● What is needed:
Nothing but the text of the records should come back; copy it exactly and leave the pictures out.

[Given records — start]

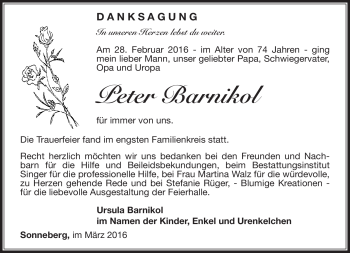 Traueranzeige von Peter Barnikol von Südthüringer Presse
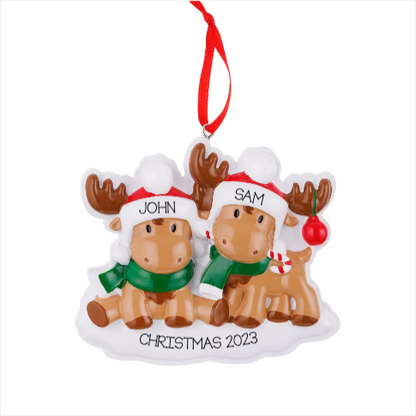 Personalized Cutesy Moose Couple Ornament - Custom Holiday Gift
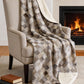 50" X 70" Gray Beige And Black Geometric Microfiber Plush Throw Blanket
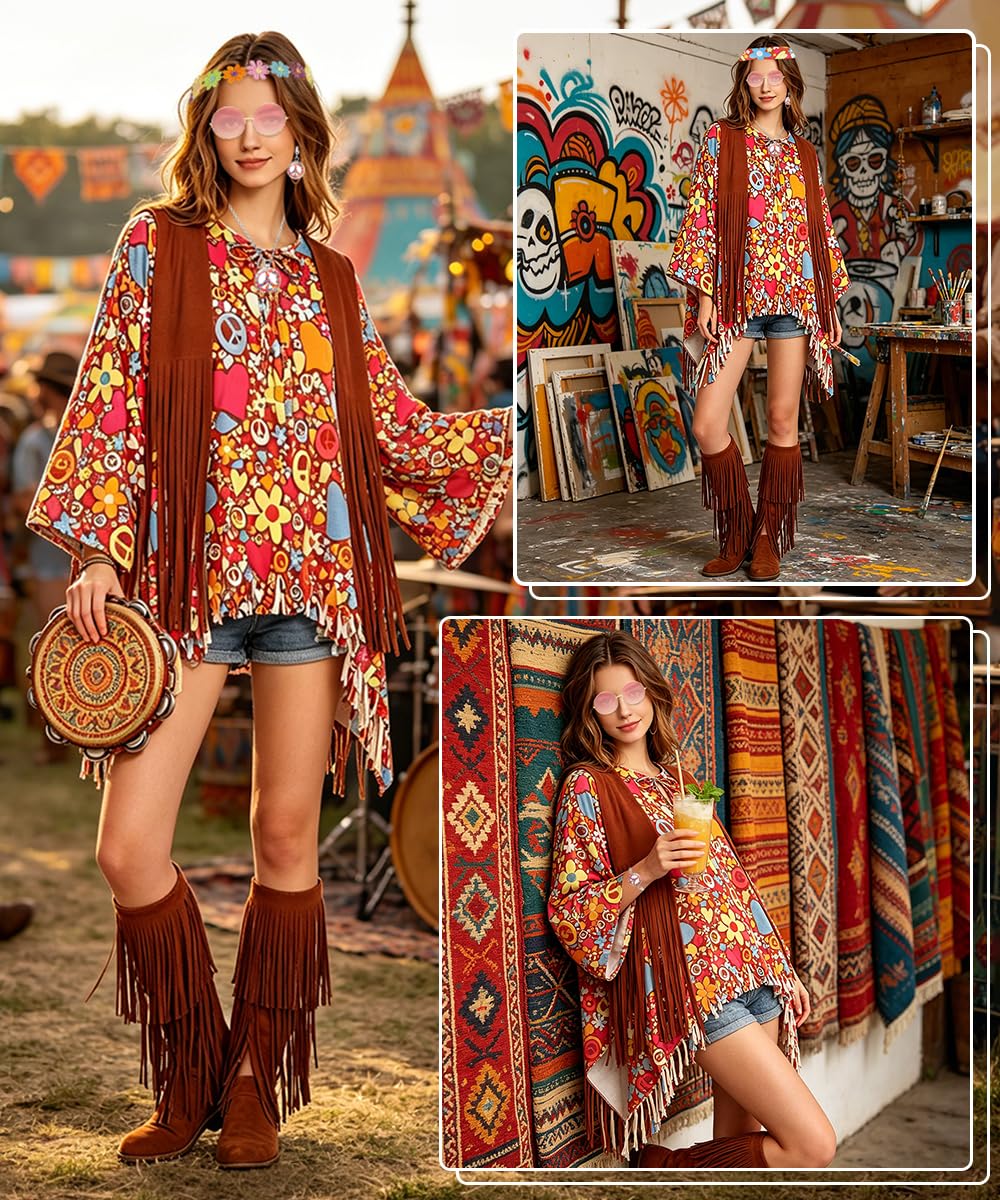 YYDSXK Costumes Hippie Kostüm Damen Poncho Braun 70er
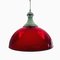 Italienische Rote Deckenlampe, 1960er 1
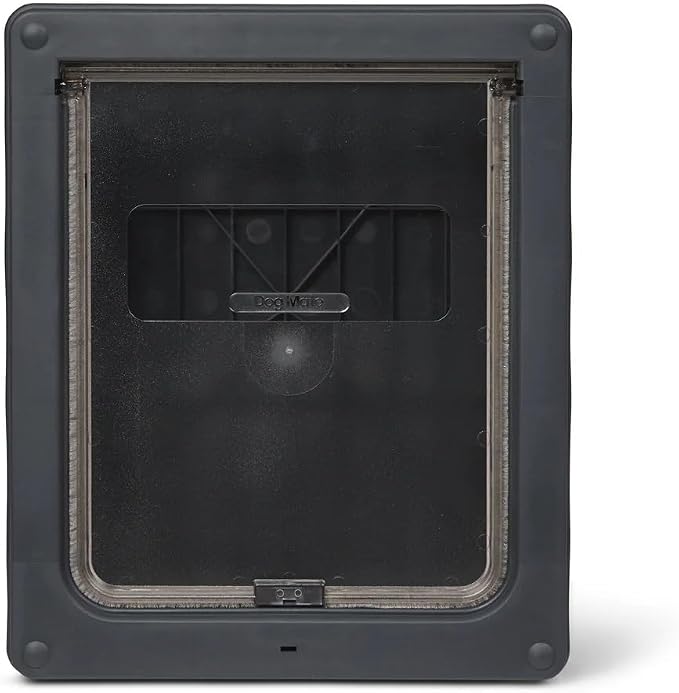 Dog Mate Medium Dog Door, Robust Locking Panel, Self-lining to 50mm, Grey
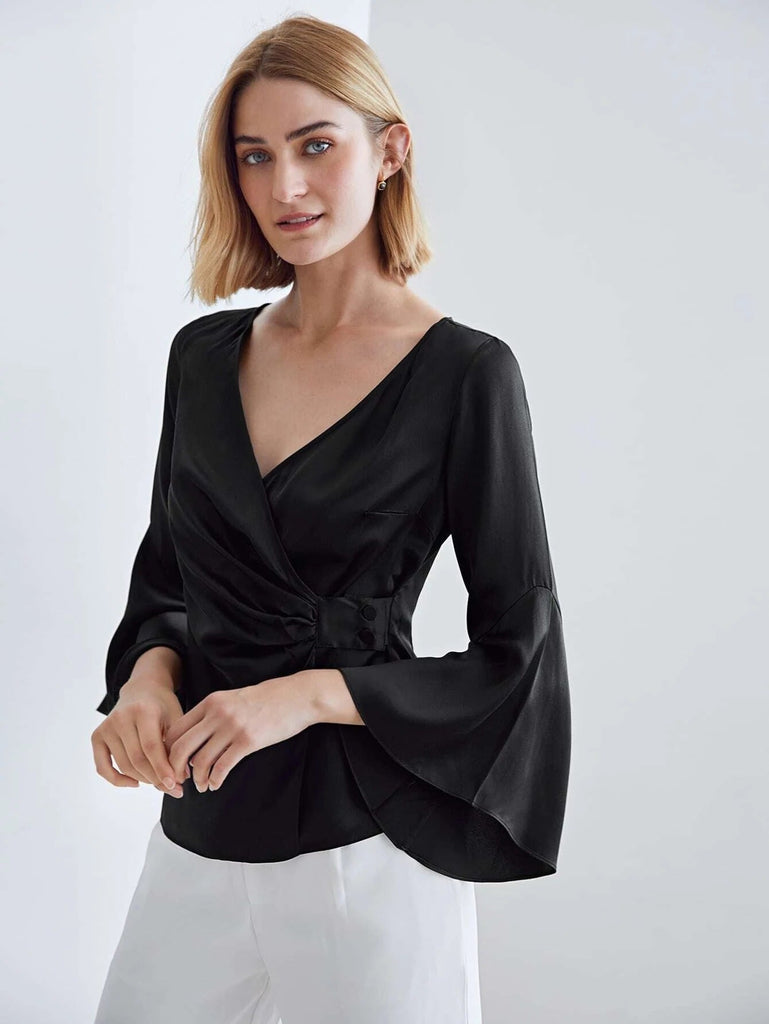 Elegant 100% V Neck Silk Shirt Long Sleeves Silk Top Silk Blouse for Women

[Given records — finish]

● Result of this exercise:
 Traueranzeige von Peter Barnikol von Südthüringer Presse
 Personalized Cutesy Moose Couple Ornament - Custom Holiday Gift
 50" X 70" Gray Beige And Black Geometric Microfiber Plush Throw Blanket
 YYDSXK Costumes Hippie Kostüm Damen Poncho Braun 70er
 Italienische Rote Deckenlampe, 1960er 1
 Dog Mate Medium Dog Door, Robust Locking Panel, Self-lining to 50mm, Grey
 Elegant 100% V Neck Silk Shirt Long Sleeves Silk Top Silk Blouse for Women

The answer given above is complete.